The objective of this proposal is to characterize the roles of nitric oxide (NO)/cGMP signal transduction in the neointimal response to vascular injury. Vascular injury induces smooth muscle cells in the media to migrate into the intima, where they proliferate and synthesize extracellular matrix, ultimately compromising the lumen. Recent studies in animal models and in patients with coronary artery disease have suggested that increasing NO levels at the site of vascular injury inhibits neointima formation. NO acts, in part, by stimulating soluble guanylate cyclase (sGC), a heterodimer composed of alpha and beta subunits, to produce cGMP leading to activation of cGMP-dependent protein kinase Z(cGDPK). In vitro, NO appears to modulate many vascular cell functions, inhibiting smooth muscle cell proliferation, migration, and extracellular matrix synthesis and stimulating endothelial cell proliferation and smooth muscle cell apoptosis. Preliminary evidence suggests that sGC and cGDPK are decreased in neointimal smooth muscle cells of injured blood vessels.

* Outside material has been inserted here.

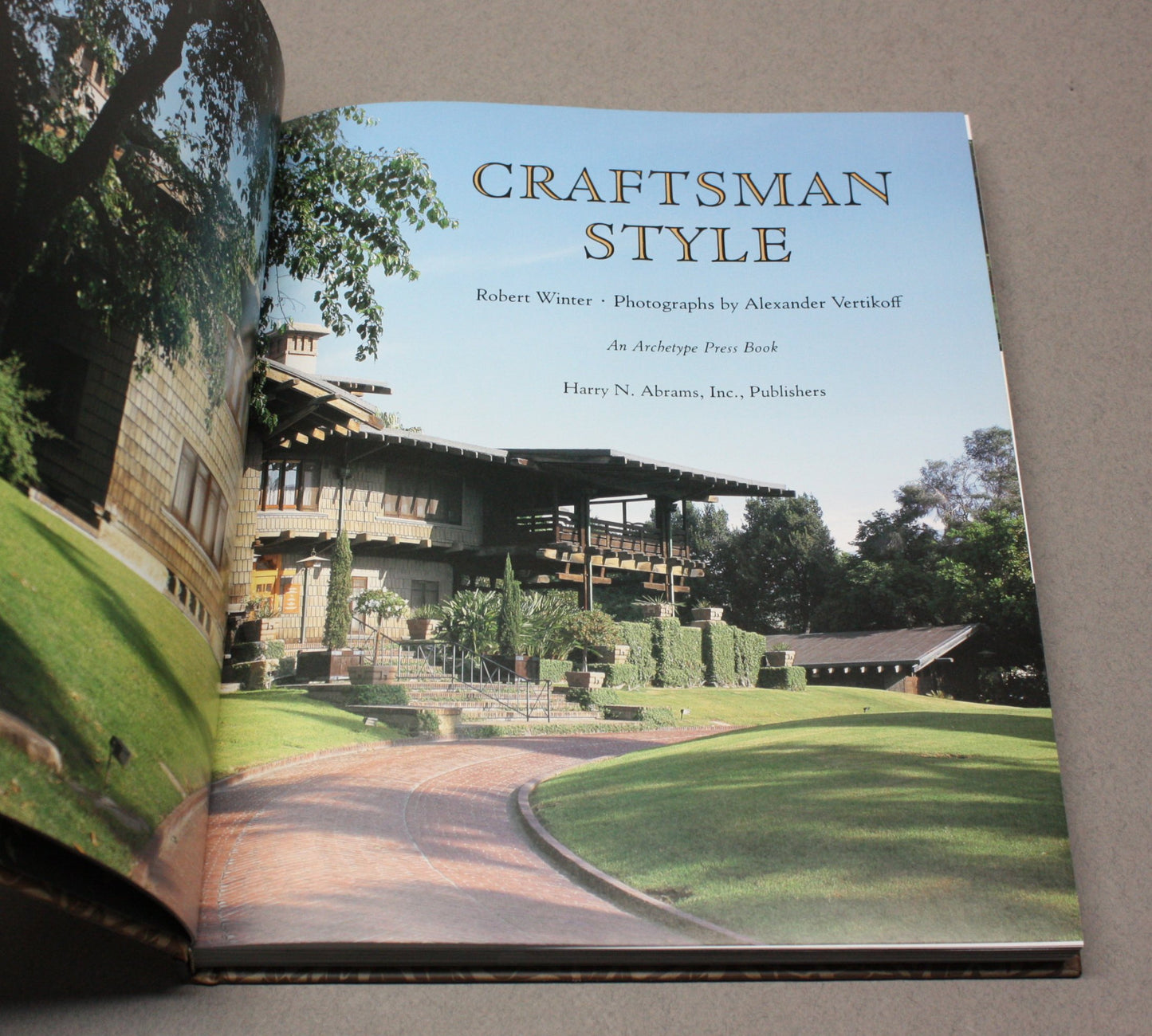 Craftsman Style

We hypothesize that vascular cell NO/cGMP signal transduction has an important role in attenuating neointima formation and that decreased sGC and cGDPK limit the ability of NO to inhibit neointima formation. To test these hypothesis, adenovirus-mediated gene transfer will be used to determine the effect of altering NO/cGMP signal transduction on the neointimal response to vascular injury.

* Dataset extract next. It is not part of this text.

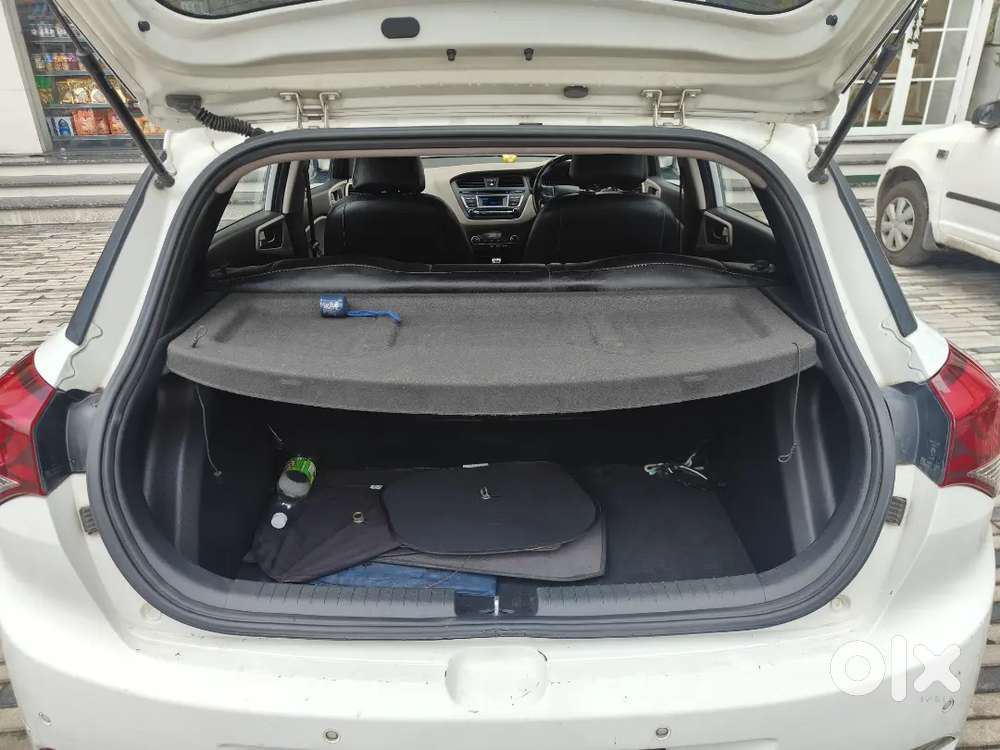 Hyundai I20 Sportz 2014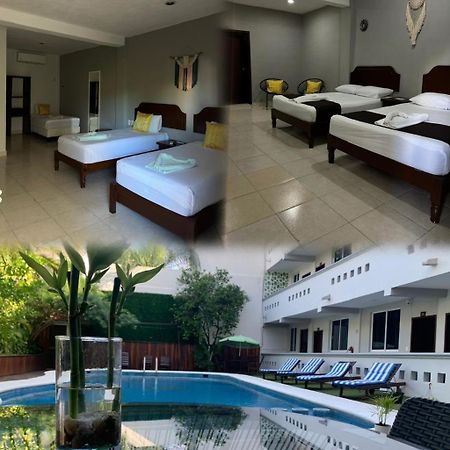 Hotel Balxiba Playa del Carmen Ngoại thất bức ảnh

In Specific Aim 1, vascular cells in culture will be infected with adenoviral vectors specifying a mutant dominant-negative sGC alpha1 subunit, wild-type cGDPK, and a mutant constitutively-active cGDPK. The effects of altering NO/cGMP signal transduction on vascular cell functions which contribute to neointima formation will be identified.
In Specific Aim 2, sGC and cGDPK expression will be correlated with the changes in vascular cell functions associated with balloon-induced vascular injury in a rat carotid artery model.
In Specific Aim 3, adenovirus-mediated gene transfer will be used to investigate the effect of modulating NO/cGMP signal transduction on vascular injury-induced neointima formation, as well as re- endothelialization, and smooth muscle cell proliferation, apoptosis and extracellular matrix synthesis. Neointima formation contributes to the restonosis process which frequently follows percutaneous angioplasty. Understanding the roles of the NO/cGMP signal transduction system in modulating the response to vascular injury may provide novel therapeutic approaches for the treatment of restonosis that percutaneous angioplasty.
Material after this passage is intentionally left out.